Purchaser: the potential counter party or counter party of Vendor, being at any rate but not limited to the party to which Vendor invoices the Products.

Article 2: APPLICABILITY
2.1. These General Conditions shall apply to all legal relationships of Vendor acting as potential seller, or seller of the Products. The general terms and conditions used or referred to by Purchaser shall not apply to any legal relationships with Vendor.
2.2. Stipulations deviating from these General Conditions must be made in writing and signed by Vendor and Purchaser.
2.3. Whenever “written” or “in writing” is used in these General Conditions it shall also mean by fax, email, internet or any other electronic medium.

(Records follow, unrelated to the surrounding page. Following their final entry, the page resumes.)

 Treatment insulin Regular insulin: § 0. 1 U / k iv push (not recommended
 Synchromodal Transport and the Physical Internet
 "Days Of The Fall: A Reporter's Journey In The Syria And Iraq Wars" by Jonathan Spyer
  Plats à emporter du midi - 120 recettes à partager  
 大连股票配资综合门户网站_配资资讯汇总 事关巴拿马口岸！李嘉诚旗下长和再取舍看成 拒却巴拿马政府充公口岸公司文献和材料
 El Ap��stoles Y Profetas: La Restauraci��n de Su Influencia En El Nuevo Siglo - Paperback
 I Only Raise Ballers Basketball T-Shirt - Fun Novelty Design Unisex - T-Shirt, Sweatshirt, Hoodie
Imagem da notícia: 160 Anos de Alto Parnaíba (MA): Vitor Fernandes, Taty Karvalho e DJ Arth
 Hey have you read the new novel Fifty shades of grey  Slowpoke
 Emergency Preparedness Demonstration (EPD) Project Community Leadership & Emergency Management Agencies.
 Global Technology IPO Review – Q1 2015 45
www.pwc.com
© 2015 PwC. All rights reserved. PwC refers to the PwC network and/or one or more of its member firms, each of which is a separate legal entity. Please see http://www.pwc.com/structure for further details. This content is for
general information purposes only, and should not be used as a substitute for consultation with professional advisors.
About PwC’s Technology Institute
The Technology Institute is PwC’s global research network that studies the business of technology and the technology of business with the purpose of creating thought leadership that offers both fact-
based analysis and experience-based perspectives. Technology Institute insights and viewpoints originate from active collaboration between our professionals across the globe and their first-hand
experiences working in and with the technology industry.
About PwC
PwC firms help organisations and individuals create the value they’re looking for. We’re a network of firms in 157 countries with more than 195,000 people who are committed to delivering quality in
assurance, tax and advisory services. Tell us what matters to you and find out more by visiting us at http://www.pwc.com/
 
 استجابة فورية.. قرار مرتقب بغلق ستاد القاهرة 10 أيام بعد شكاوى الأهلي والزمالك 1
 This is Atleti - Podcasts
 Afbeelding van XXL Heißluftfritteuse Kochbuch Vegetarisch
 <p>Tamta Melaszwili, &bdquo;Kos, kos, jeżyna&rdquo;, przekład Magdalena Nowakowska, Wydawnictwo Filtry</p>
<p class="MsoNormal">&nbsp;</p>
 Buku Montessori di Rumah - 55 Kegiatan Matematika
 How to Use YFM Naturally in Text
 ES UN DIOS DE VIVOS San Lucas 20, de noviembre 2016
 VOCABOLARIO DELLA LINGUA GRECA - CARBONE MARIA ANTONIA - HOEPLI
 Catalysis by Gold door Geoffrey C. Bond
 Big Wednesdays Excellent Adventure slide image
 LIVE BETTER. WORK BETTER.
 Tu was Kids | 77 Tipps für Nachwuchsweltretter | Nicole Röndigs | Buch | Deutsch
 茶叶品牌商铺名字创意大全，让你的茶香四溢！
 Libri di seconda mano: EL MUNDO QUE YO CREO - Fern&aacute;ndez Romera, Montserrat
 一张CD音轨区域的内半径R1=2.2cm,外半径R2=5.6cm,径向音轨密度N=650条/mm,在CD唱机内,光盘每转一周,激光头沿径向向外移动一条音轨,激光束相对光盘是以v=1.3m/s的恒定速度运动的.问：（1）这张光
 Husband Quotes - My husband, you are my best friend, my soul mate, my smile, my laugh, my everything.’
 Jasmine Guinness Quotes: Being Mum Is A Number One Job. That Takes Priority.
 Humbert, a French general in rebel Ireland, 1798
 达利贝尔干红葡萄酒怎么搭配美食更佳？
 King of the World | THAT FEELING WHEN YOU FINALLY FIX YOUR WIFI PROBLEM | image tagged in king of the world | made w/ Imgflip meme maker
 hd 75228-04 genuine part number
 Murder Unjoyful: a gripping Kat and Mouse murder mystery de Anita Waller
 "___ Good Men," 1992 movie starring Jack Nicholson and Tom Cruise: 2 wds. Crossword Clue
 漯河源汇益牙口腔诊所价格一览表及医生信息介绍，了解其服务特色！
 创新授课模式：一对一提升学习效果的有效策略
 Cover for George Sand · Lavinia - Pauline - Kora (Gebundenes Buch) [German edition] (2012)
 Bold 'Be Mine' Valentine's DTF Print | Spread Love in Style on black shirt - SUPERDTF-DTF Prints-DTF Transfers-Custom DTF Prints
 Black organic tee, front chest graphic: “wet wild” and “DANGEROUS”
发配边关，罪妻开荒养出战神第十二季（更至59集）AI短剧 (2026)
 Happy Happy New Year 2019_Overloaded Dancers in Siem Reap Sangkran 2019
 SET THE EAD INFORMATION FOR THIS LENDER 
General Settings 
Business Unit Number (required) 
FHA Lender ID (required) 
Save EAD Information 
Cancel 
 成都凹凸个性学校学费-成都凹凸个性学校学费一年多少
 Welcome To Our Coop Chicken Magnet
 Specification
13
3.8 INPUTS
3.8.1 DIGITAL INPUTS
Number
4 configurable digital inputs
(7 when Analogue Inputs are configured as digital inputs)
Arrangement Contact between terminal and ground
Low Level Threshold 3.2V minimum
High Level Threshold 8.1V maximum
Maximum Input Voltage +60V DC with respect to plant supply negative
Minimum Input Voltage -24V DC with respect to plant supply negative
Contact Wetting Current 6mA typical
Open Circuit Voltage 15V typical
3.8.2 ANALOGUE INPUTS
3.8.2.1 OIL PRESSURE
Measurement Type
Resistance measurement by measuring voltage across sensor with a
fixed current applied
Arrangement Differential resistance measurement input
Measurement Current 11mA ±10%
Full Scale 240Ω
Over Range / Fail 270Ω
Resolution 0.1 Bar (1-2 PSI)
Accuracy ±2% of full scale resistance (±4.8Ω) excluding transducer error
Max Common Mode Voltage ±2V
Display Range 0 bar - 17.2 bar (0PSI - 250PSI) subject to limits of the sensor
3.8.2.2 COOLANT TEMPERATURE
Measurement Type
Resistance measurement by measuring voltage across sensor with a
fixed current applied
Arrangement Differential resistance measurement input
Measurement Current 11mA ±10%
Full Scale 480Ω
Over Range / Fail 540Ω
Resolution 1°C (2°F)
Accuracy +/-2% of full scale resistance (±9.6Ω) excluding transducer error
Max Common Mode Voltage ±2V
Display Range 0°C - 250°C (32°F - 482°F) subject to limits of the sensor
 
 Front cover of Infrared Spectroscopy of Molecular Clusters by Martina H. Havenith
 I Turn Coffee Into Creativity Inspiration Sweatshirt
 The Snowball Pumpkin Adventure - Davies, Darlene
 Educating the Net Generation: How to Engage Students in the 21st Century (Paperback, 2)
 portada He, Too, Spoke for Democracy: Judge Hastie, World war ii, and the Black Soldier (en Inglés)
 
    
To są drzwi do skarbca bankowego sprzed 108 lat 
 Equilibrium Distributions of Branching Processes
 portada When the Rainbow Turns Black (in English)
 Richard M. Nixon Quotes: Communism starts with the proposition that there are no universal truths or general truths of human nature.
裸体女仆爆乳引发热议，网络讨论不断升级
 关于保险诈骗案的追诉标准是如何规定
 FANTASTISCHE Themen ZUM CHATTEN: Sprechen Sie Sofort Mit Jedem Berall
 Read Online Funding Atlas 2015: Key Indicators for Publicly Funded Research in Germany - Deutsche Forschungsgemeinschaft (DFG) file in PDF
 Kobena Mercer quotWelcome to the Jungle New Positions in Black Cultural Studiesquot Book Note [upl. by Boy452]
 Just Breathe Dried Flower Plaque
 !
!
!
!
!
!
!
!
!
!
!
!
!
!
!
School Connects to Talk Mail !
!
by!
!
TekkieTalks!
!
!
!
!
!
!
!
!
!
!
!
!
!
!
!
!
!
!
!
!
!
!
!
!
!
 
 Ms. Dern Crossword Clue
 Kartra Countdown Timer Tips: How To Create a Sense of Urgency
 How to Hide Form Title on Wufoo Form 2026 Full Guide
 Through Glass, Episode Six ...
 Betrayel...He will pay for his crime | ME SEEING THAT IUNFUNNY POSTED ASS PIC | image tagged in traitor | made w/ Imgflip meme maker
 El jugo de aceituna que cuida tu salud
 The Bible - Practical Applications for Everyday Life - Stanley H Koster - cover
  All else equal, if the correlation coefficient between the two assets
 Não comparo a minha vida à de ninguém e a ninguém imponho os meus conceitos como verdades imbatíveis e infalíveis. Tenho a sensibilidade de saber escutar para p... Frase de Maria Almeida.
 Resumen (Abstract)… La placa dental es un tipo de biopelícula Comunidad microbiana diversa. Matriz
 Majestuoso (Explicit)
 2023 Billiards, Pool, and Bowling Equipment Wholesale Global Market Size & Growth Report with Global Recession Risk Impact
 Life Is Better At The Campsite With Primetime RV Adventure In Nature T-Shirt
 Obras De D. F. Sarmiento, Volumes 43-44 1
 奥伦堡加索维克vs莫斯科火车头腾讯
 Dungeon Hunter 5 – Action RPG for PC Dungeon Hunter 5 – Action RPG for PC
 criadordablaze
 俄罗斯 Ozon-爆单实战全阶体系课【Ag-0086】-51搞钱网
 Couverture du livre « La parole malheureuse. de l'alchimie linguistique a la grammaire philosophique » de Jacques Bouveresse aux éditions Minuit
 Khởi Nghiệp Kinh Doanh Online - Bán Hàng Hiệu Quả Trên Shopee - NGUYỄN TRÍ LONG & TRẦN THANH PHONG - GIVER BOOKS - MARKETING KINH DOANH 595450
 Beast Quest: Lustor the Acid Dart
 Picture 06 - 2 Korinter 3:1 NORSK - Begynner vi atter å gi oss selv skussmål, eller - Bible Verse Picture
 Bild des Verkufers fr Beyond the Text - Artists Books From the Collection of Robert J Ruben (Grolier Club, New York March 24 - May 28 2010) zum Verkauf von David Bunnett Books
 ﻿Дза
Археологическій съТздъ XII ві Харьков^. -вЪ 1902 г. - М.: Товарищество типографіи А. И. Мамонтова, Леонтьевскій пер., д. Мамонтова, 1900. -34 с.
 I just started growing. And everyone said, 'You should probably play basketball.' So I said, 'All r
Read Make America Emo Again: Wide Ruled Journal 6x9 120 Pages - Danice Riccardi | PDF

Article 3: CONCLUSION OF CONTRACT, ORDER REQUIREMENTS
3.1. Offers made by Vendor are without engagement, subject to price changes, availability of natural materials and valid for the period referred to in the relevant offer. Any offer made by Vendor shall be regarded as a new and separate offer which shall replace any previous offer or offers made by Vendor.
3.2. Vendor may terminate its negotiations with Purchaser at any time without giving reasons and without having to pay any compensation whatsoever.
3.3. A contract between Vendor and Purchaser is concluded, if Vendor confirms Purchaser’s order in writing, or if Purchaser accepts and confirms Vendor’s offer in writing and Vendor reconfirms Purchaser’s acceptance and confirmation (the “Contract”). Vendor shall process and confirm orders, provided that Vendor has received: (a) Purchaser’s full details, including but not limited to: company details, contact person, delivery and invoice address and VAT number and (b) (down) payment of the purchase price in accordance with the applicable payment terms.
3.4. Purchaser hereby explicitly releases its right to, as the case may be, rescind or reject or invoke annulment on the basis of article 6:227b paragraphs 1, 4 and 5 of the Dutch Civil Code or article 6:227c paragraphs 2 and 5 of the Dutch Civil Code, if and to the extent that Purchaser acts as a professional party.
3.5. The first order for one or more of the Products placed by Purchaser must have a minimum order value of EUR 2,500 (two thousand five hundred Euro). Any subsequent order for one or more of the Products placed by Purchaser must have a minimum order value of EUR 1,500 (one thousand five hundred Euro). Orders for one or more of the Products which are specially designed, bespoken or custom-made for Purchaser must have a minimum order value of EUR 7,500 (seven thousand five hundred Euro). If the order value of an order for one or more of the Products is less than EUR 1,500 (one thousand five hundred Euro), a fee will be charged of EUR 50 (fifty Euro) per order.
3.6. When Purchaser cancels an order after Vendor’s order confirmation: (a) Vendor shall be entitled to withhold any down payment or payment as a cancellation fee and (b) Purchaser shall reimburse Vendor for the total amount of special designs, bespoken or custom-made Products set forth in the relevant order.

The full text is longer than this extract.